By Dean Bibens, Milwaukee Neighborhood News Service   Published Feb 03, 2017 at 1:06 PM

At the beginning of the school year, Molly Schuld, a science teacher at Reagan College Preparatory High School, dreamed of taking students on a trip to the Galapagos Islands and Ecuador. Now it appears that her dream will come true.

"I care about three things: my students, science and traveling," Schuld said. "I never really thought before about how I could put those three things together. But when this idea came across to me via a flier in my mailbox, I just thought to myself, 'How could I say no to this?'"

Schuld received approval from Milwaukee Public Schools for the trip, and students have raised more than $22,000, including nearly $3,000 through GoFundMe. In addition, participating students have been making monthly payments toward the trip, using money from work, savings and donations from their families.

"We are all so incredibly appreciative of the support we have received from everyone in the community," Schuld said. "This trip is going to broaden the cultural knowledge of these students, and I couldn’t be more thrilled with the amount of effort they have put into making this happen."

All Reagan students except graduating seniors were eligible to take part in the trip, which is expected to take place soon after the school year ends. Thirty-five students will be participating, and there is a waiting list.

"I think this is a great opportunity for the students to make an impact outside of the classroom and engage with other cultures," said Mike Roemer, principal of Reagan High School.

"I wanted to take the students to a Spanish-speaking country," Schuld said. "I’m also very passionate about environmental science, and with the talk that the Galapagos may not be a tourist destination in the future due to environmental threats, I knew I had to capitalize on the opportunity."

The Galapagos Islands, which are a province of Ecuador, face threats from climate change, pollution, invasive species and other factors. They boast a wide variety of plant and animal species, many of which can be found nowhere else.

The per-student cost of the nine-day trip is $3,750. In September, students set fundraising goals with their parents ranging from hundreds to thousands of dollars. They have sought donations from family and friends, and some have gotten jobs to help pay for the trip.

About $61,420 of the total $131,250 cost still needs to be contributed or raised. Schuld says that she is confident the trip will take place.

Kirstin Hackbarth, a junior, said that her experience volunteering at the Milwaukee County Zoo influenced her interest in the trip. "A couple of zoo keepers that I worked with went on the exact same trip about a year ago so when this opportunity came up I just said, 'Oh my God.'"
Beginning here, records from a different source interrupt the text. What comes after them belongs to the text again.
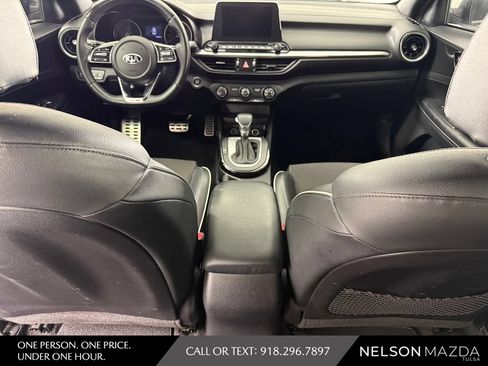 Used 2021 Kia Forte GT-Line FWD image 37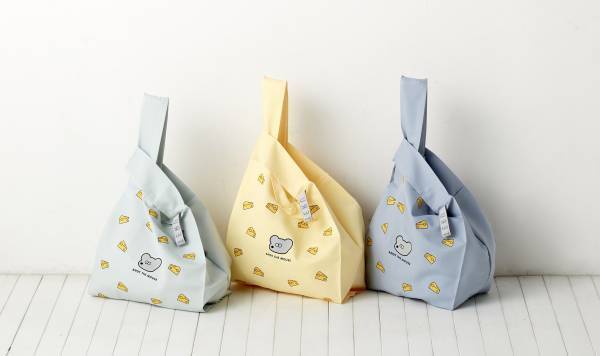 「ねずみのANDY」その愛らしい姿にくぎ付け！エシカルブランド「MOTTERU」よりコラボ製品を新発売！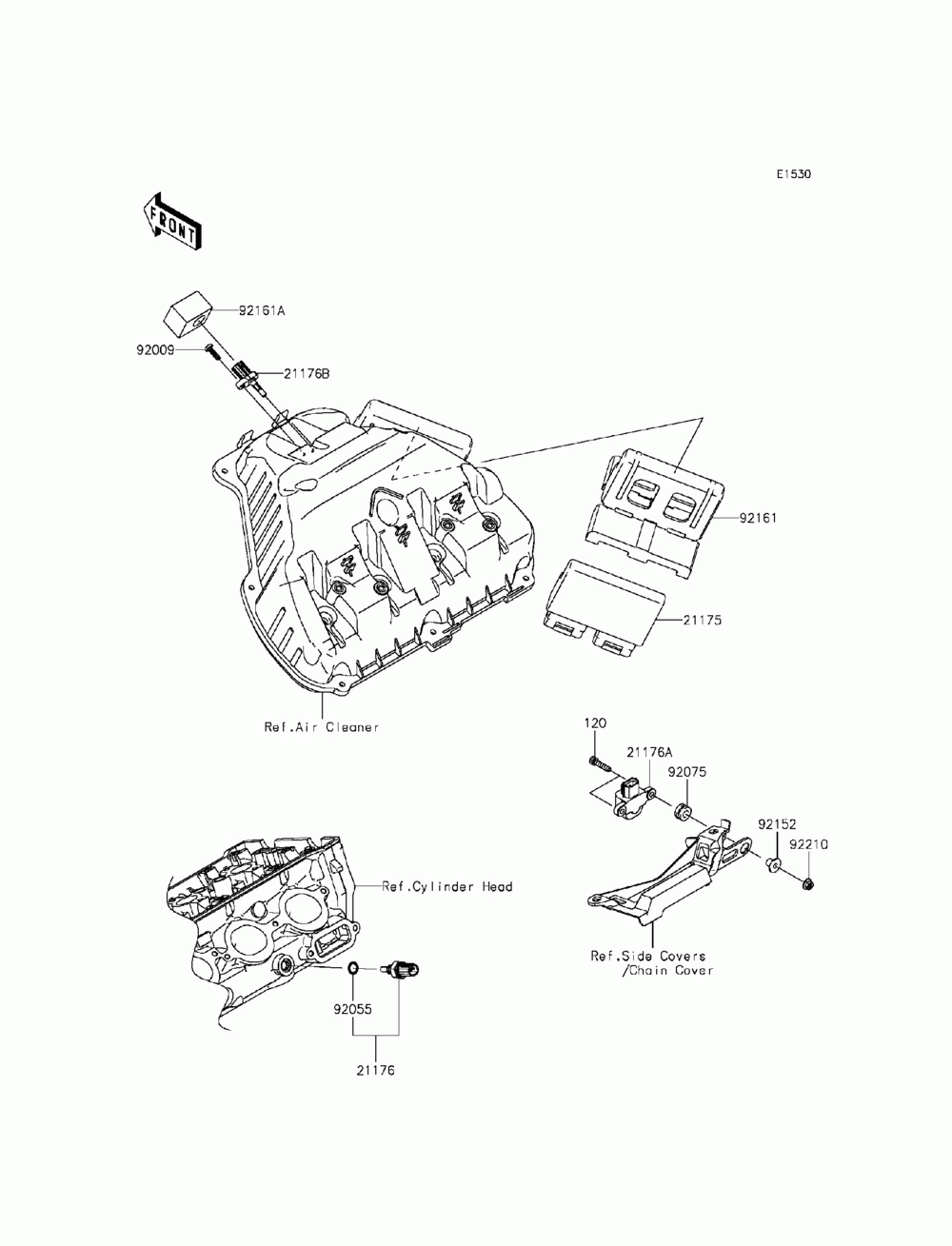 Fuel injection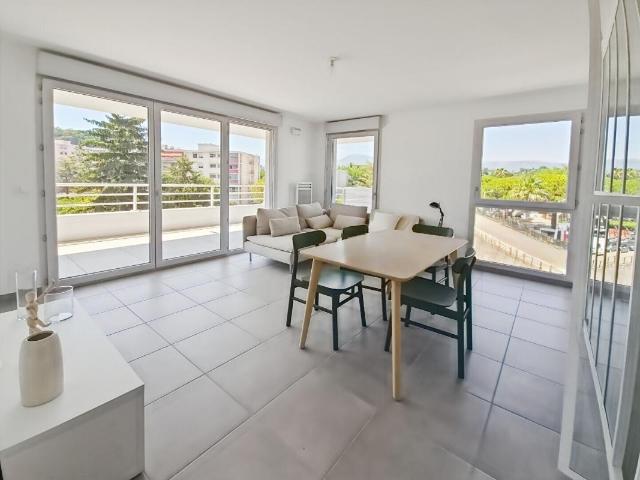 Appartement Cagnes Sur Mer 4 pièce s 63 m2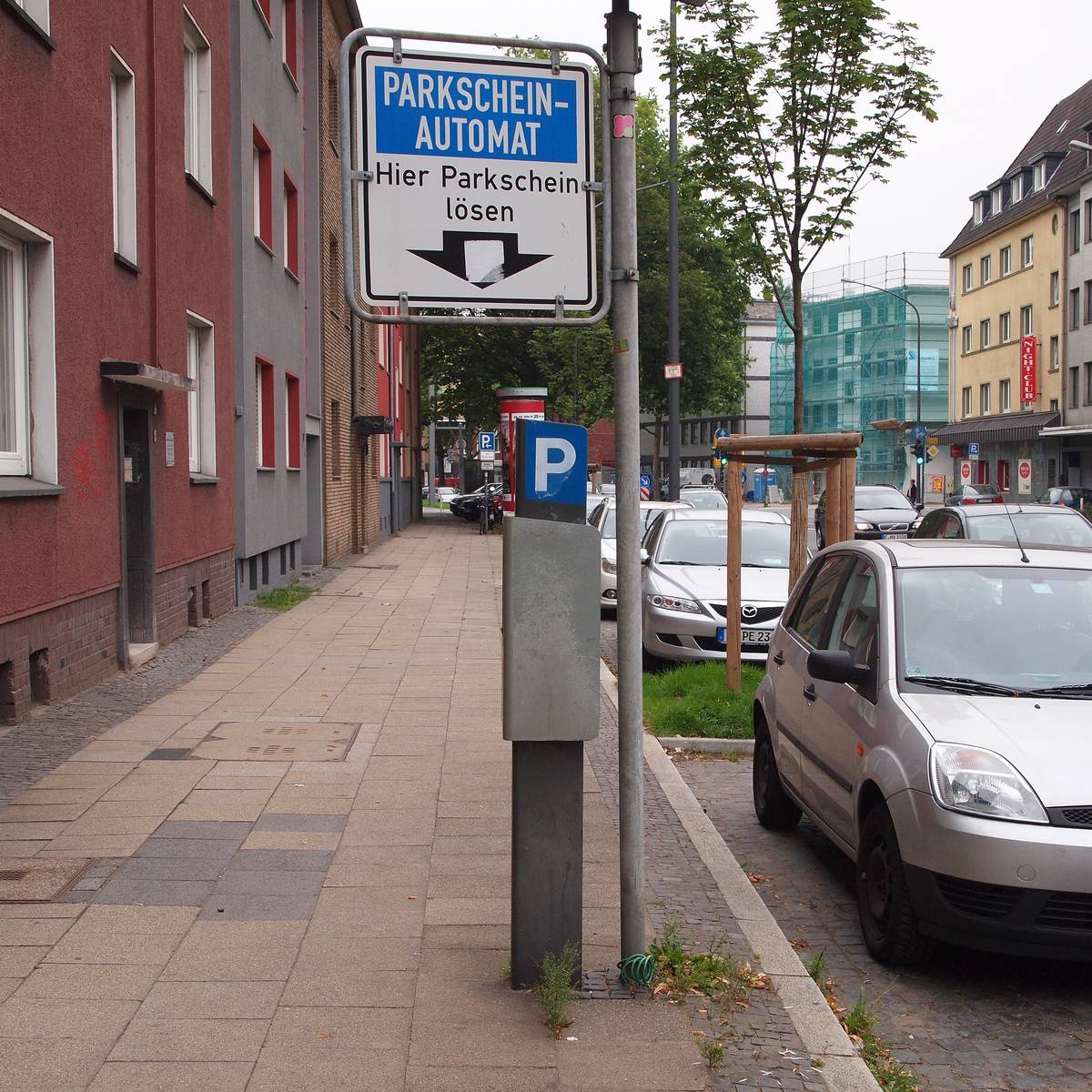 Kein kostenloses Parken in Dortmund - Radio 91.2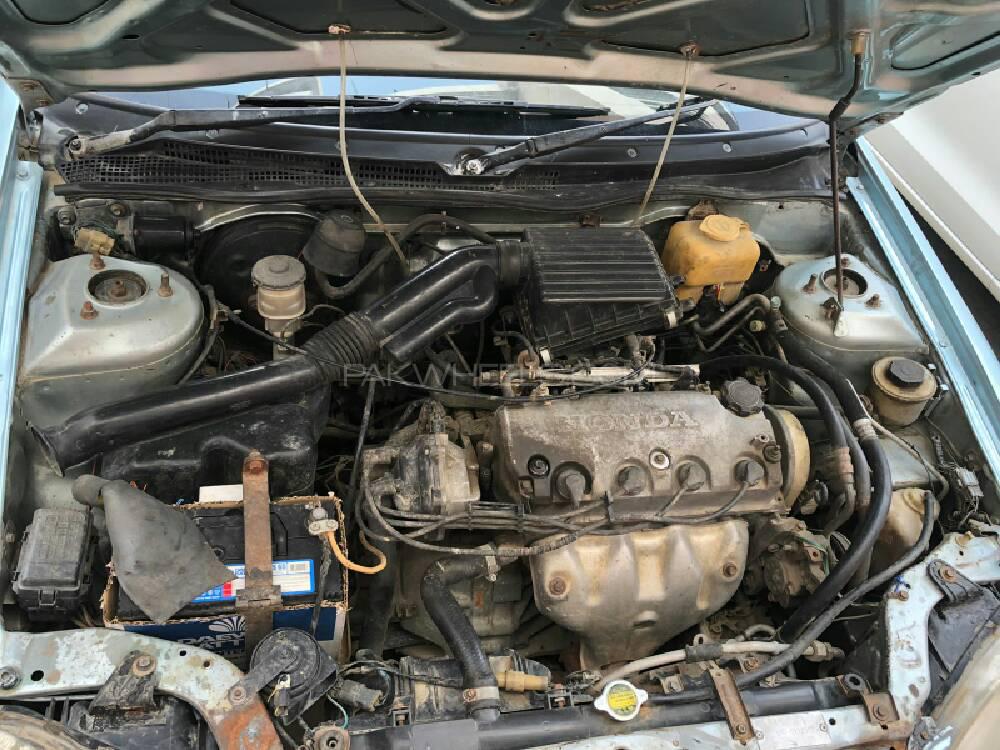 Honda City 2002 for Sale in Karachi Honda City 2002 for Sale in Karachi Image-10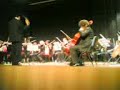 L'ORCHESTRA GIOVANILE DELLA FONDAZIONE MUSICALE SANTA CECILA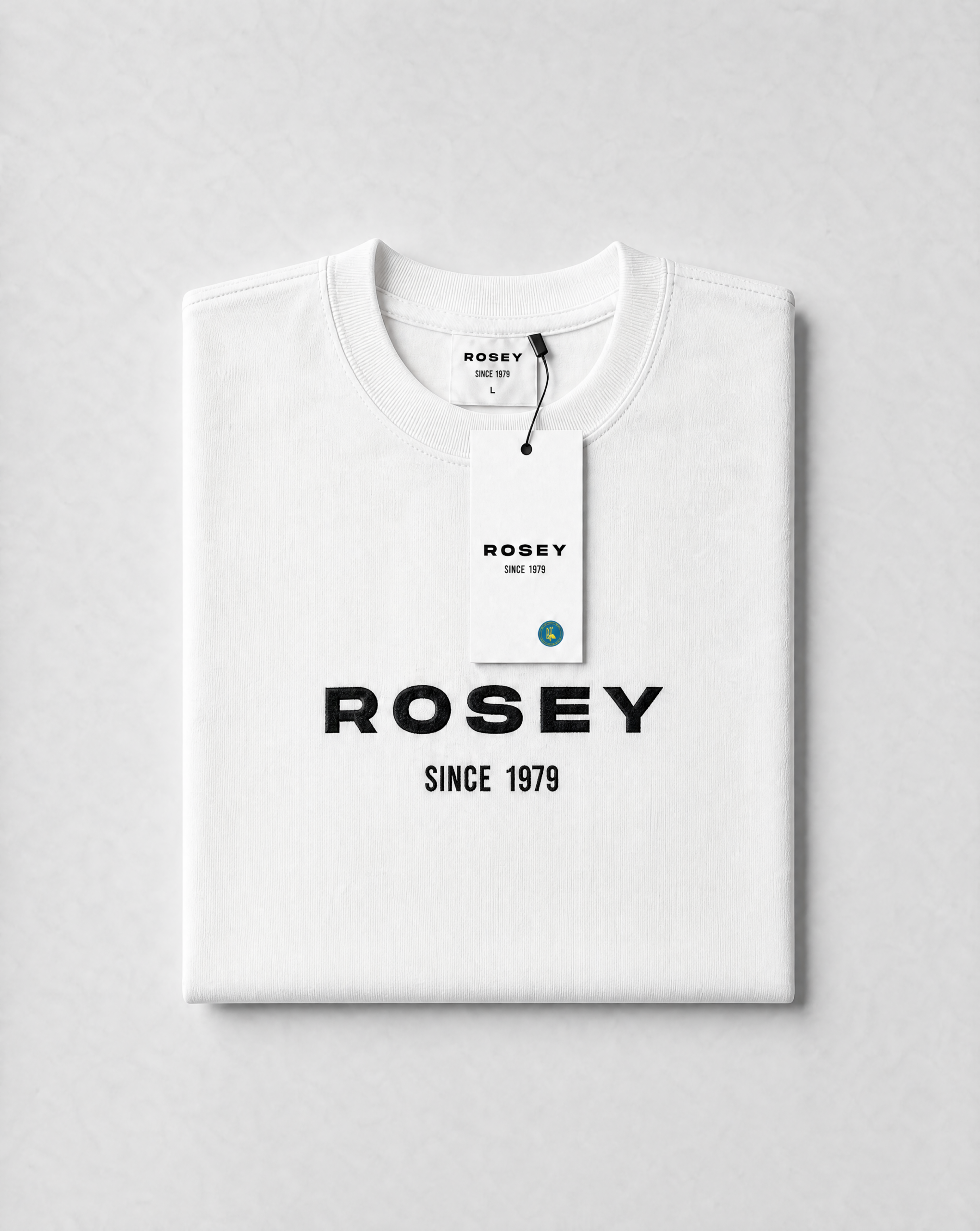T-Shirt blanc (Since 1979)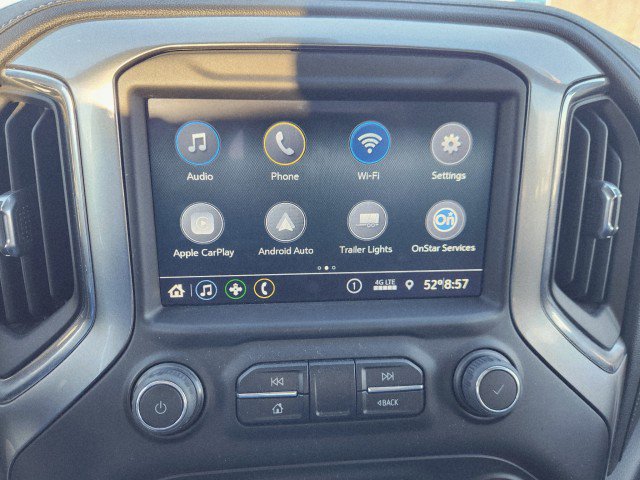 Used 2022 Chevrolet Silverado 1500 LT w/ Work Truck Package image 37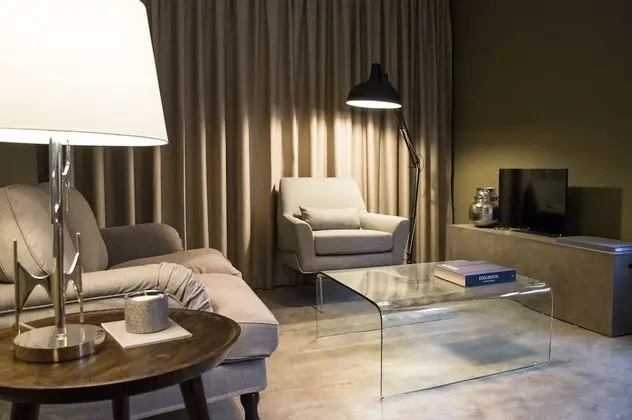 Design Apart Daire, 2 Yatak Odası, Teras, Zemin Kat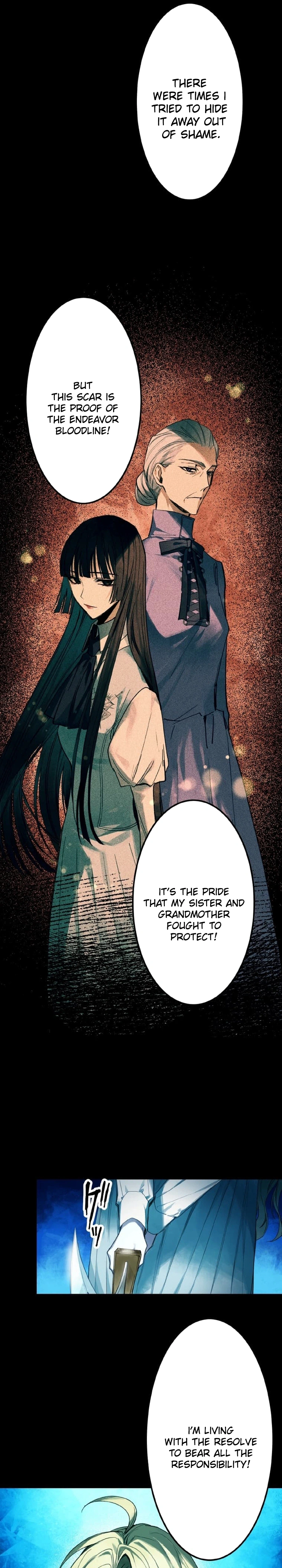 Charlotte, the Killer Noblewoman Chapter 30 Page 16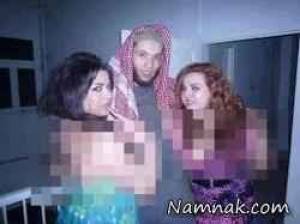 جهاد نکاح ، رقص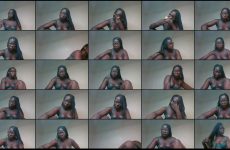 Sweet_Jezebel stripchat Horny Brown skinned Star Jiggles her Bootylicious Buns for Gold.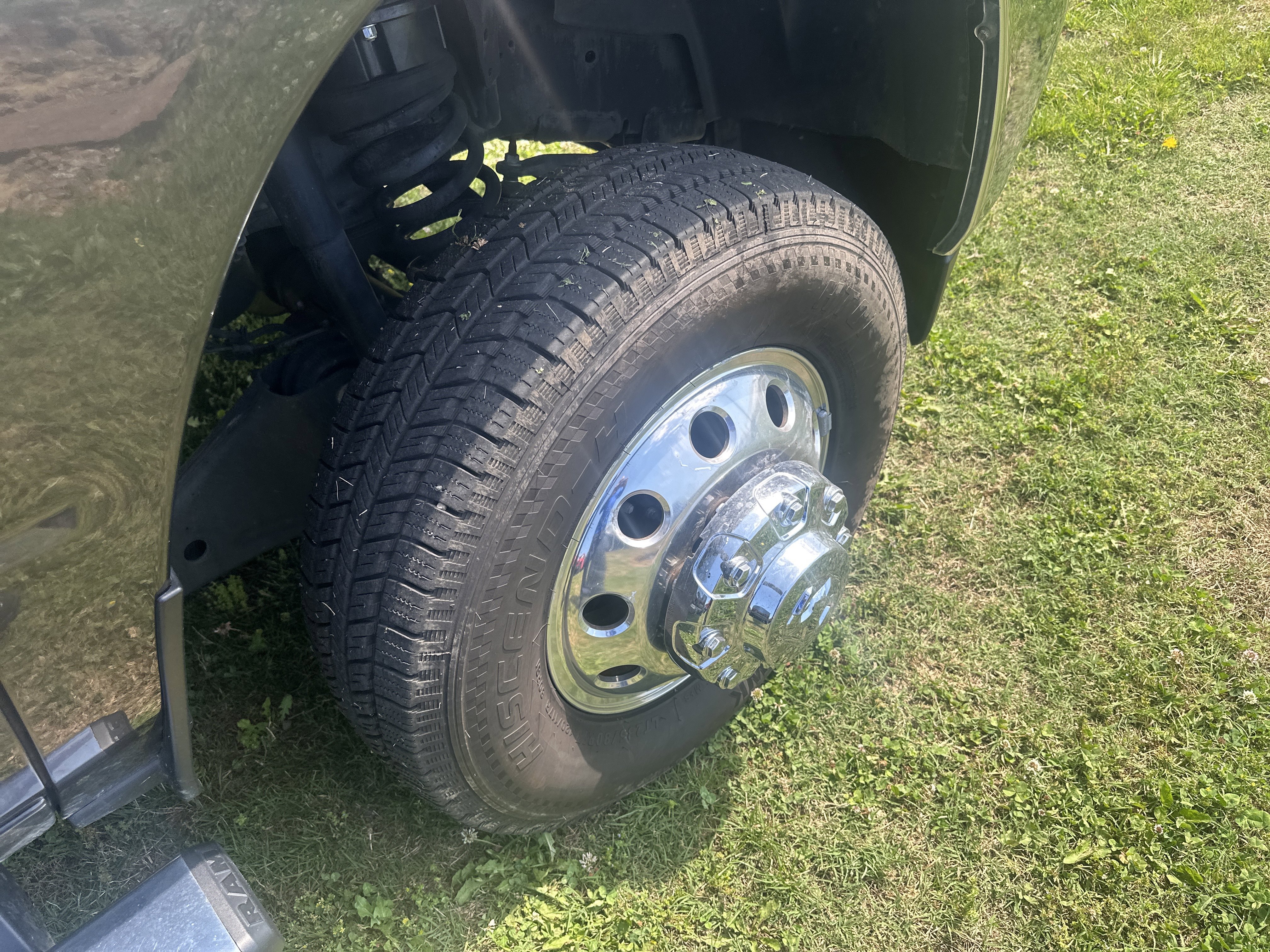 Used 2022 RAM 3500 Tradesman AWD/4WD image 32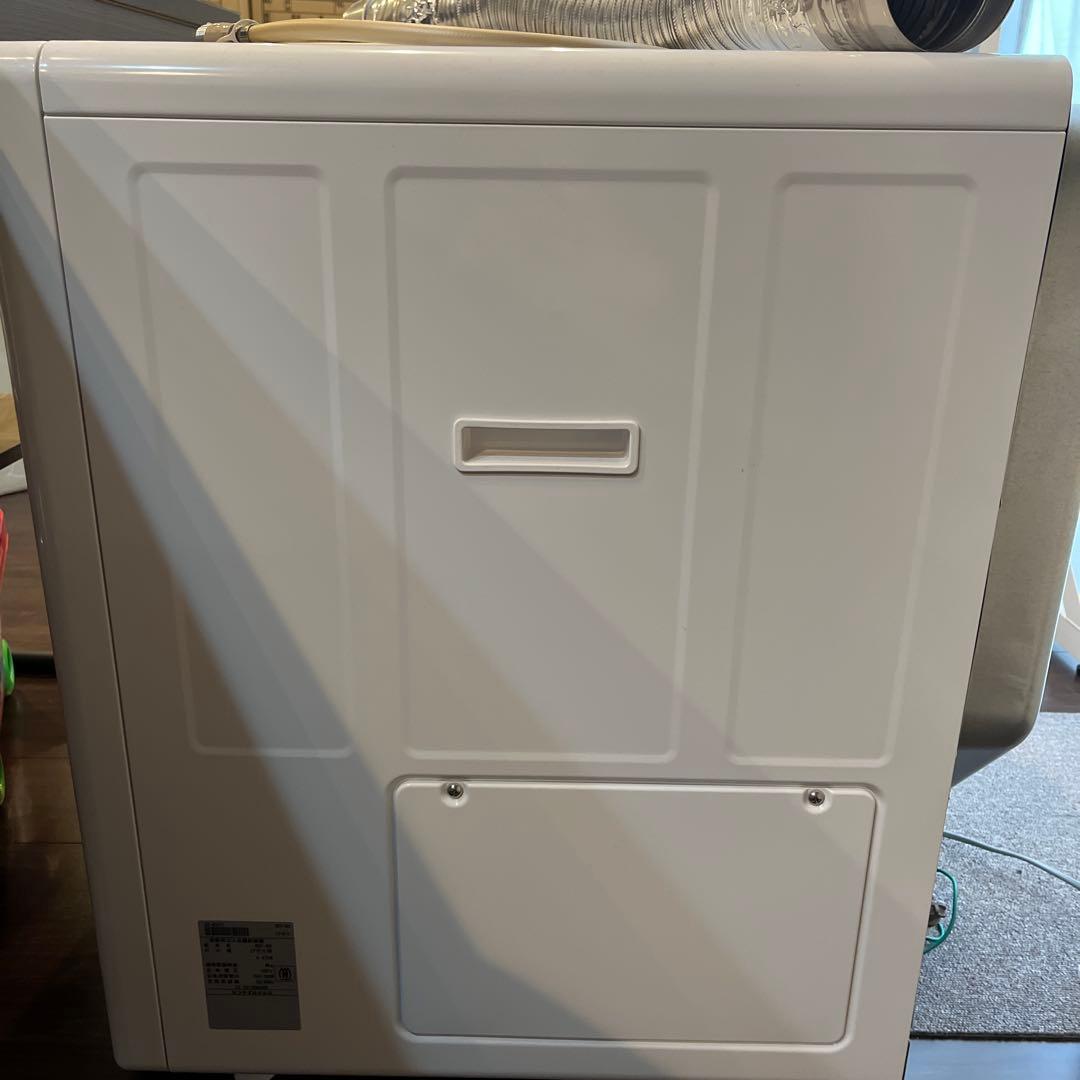 LPガス式衣類乾燥機 乾太くん 8kg RDT-80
Adam Jaraba, a sophomore, said he is incredibly thankful for his family’s support. "We have a lot of family helping us fund raise," he said. "My mom and cousins have all gone out selling chocolates, which has been a huge help to me."

Jaraba, Hackbarth and other students said they are passionate about engaging with a different culture. "To see a new culture will provide us insight to a different lifestyle and we are all excited to live that for nine days," Jaraba said.

Five teachers signed on to chaperone the trip. Said Misa Sato, International Baccalaureate coordinator at Reagan, "I love travelling and I love these kids; I think this trip will open up a lot of doors for them."